Más grave aún es que este comportamiento se da en un contexto donde el sistema previsional argentino se encuentra en una situación agónica. Hoy, más del 68% de las jubilaciones se otorgan por moratorias. En algunas provincias, como Formosa o Chaco, ese número trepa al 90%.
Valga apenas como otro módico ejemplo lo ocurrido entre agosto de 2023 e igual mes del año último. En ese lapso el padrón de jubilados y pensionados sumó 230.000 beneficiarios. De ese total, el 88,5% –más de ocho de cada diez– correspondió a moratorias, ya sea porque no contaban con todos los aportes o con los años de servicios exigidos por ley.
Legislar sin identificar el debido financiamiento no es un gesto solidario, sino un engaño. Es una ficción legal que, tarde o temprano, se paga con más inflación, más pobreza o más deuda
En marzo del corriente año, el gobierno nacional decidió poner fin a ese régimen de moratoria previsional que ahora se intenta reponer con la nueva ley.
Como ya hemos consignado en estas columnas, otorgar los mismos beneficios jubilatorios a quienes nunca aportaron y a quienes lo hicieron durante décadas constituye una flagrante inequidad. Un sistema basado en semejante injusticia no es inclusivo: es inviable. Y es, en última instancia, un simulacro de justicia sostenido sobre una secuencia de latrocinios fiscales.

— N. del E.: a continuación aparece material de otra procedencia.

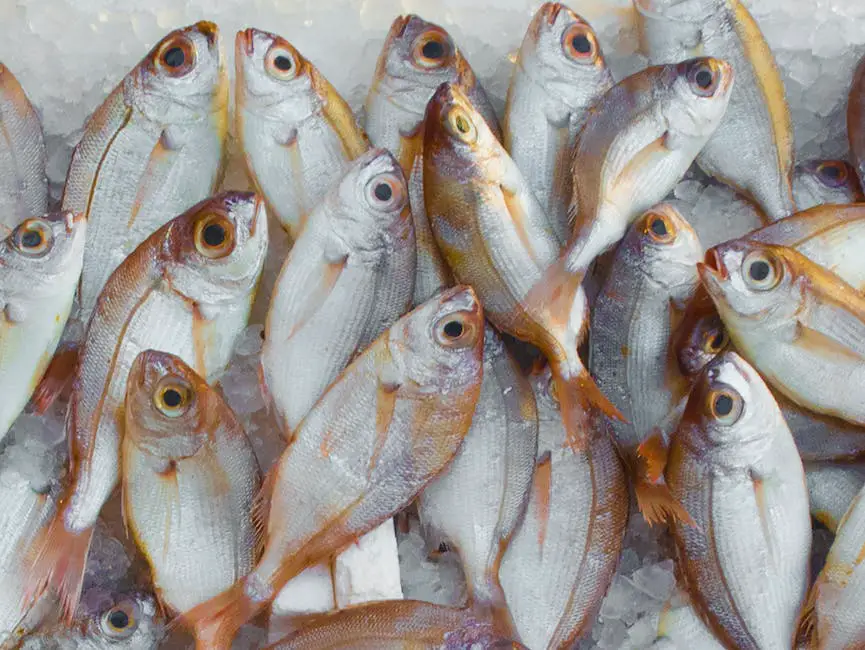 A picture of sustainably sourced fish in a fishery demonstrating responsible catches.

La respuesta del Poder Ejecutivo, que anticipó el veto presidencial y la eventual judicialización de las normas en cuestión, ha generado rechazo en ciertos sectores por su tono confrontativo. Pero conviene no perder de vista lo sustancial: no se está discutiendo si los jubilados merecen más, sino si el Estado tiene cómo otorgarles los incrementos sin desfinanciarse. No es una cuestión de voluntad, sino de viabilidad.
Una intención justa no justifica un procedimiento viciado. Si el reclamo es legítimo, también debe serlo la solución
Resulta curioso, pero muchos dirigentes de la oposición que hoy cierran filas detrás de normas reparatorias parecen estar padeciendo una profunda amnesia colectiva. En octubre de 2010, siendo presidenta de la Nación, Cristina Kirchner no esperó muchas horas para vetar la ley que establecía una jubilación mínima equivalente al 82% del salario mínimo, vital y móvil, y que actualizaba el resto de los haberes de acuerdo con varios fallos de la Corte Suprema de Justicia de la Nación. ¿Cuál fue su principal argumento entonces? Que su promulgación implicaría “prácticamente la quiebra no solo del sistema previsional, sino del propio Estado”.

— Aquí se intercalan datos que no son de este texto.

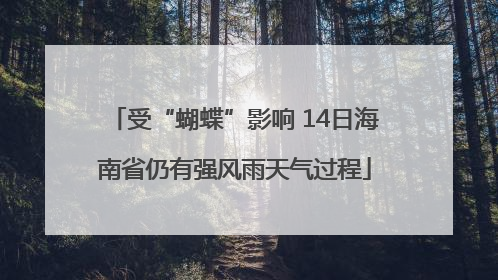 受“蝴蝶”影响 14日海南省仍有强风雨天气过程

En esta oportunidad, el Congreso decidió también avanzar con otros proyectos que, bajo presión de los gobernadores, reclaman transferencias automáticas a las provincias –como los Aportes del Tesoro Nacional (ATN) y los fondos a los combustibles– sin prever sustitutos para esos recursos en las arcas nacionales. Nuevamente, el mismo patrón de irresponsabilidad: gasto en alza, financiamiento inexistente. ¿Se puede seguir legislando como si los recursos fueran infinitos? Solo en la teoría. En la práctica se convierte en una monumental falacia populista.
No se trata de relativizar las necesidades. Son reales, urgentes y, en muchos casos, acuciantes. Pero la política no puede seguir mintiéndole a la sociedad con actos demagógicos que solo posponen los problemas de fondo y agravan sus consecuencias. La sensibilidad social no se demuestra redactando leyes imposibles de ejecutar, sino construyendo marcos sólidos, previsibles y equitativos que puedan sostenerse. La tentación de aprobar medidas sin fondeo ha elevado la irresponsabilidad legislativa al rango de costumbre.

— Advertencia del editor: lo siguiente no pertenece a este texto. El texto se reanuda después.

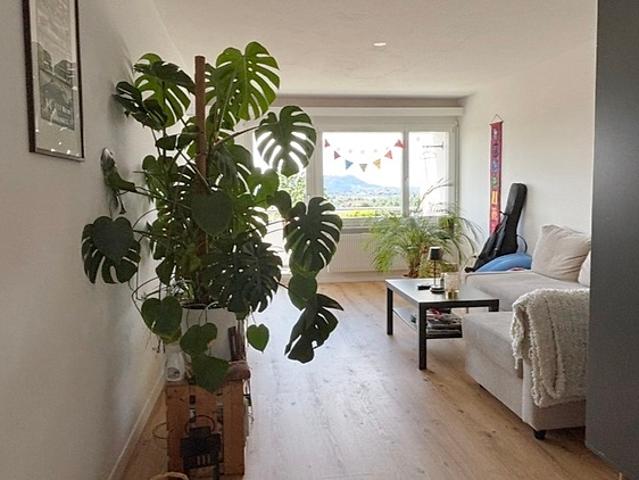 Apartment mieten in Bolligen, Bern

Otorgar los mismos beneficios jubilatorios a quienes nunca aportaron y a quienes lo hicieron durante décadas constituye una flagrante inequidad. Un sistema basado en semejante injusticia no es inclusivo: es inviable
Bajo la apariencia del altruismo se esconde muchas veces un vil cálculo electoral, que manipula la necesidad ajena para intentar obtener réditos inmediatos. Mientras tanto, millones de ciudadanos –los que aportan, los que pagan impuestos, en definitiva, los que cumplen– ven cómo su esfuerzo se diluye en un sistema desquiciado que premia más la demanda irracional que el mérito.
Legislar sin identificar el debido financiamiento no es un gesto solidario, es un engaño; es una ficción legal que, tarde o temprano, se paga con inflación, más pobreza o más deuda. Y los que siempre terminan costeándola son los mismos que se dice proteger.
Nuestro país necesita leyes enmarcadas dentro de un sistema de políticas públicas adecuadas y razonables que puedan cumplirse. La dádiva con dineros que no existen es populismo fiscal en grado extremo. Una intención justa no justifica un procedimiento viciado. Si el reclamo es legítimo, también debe serlo la solución.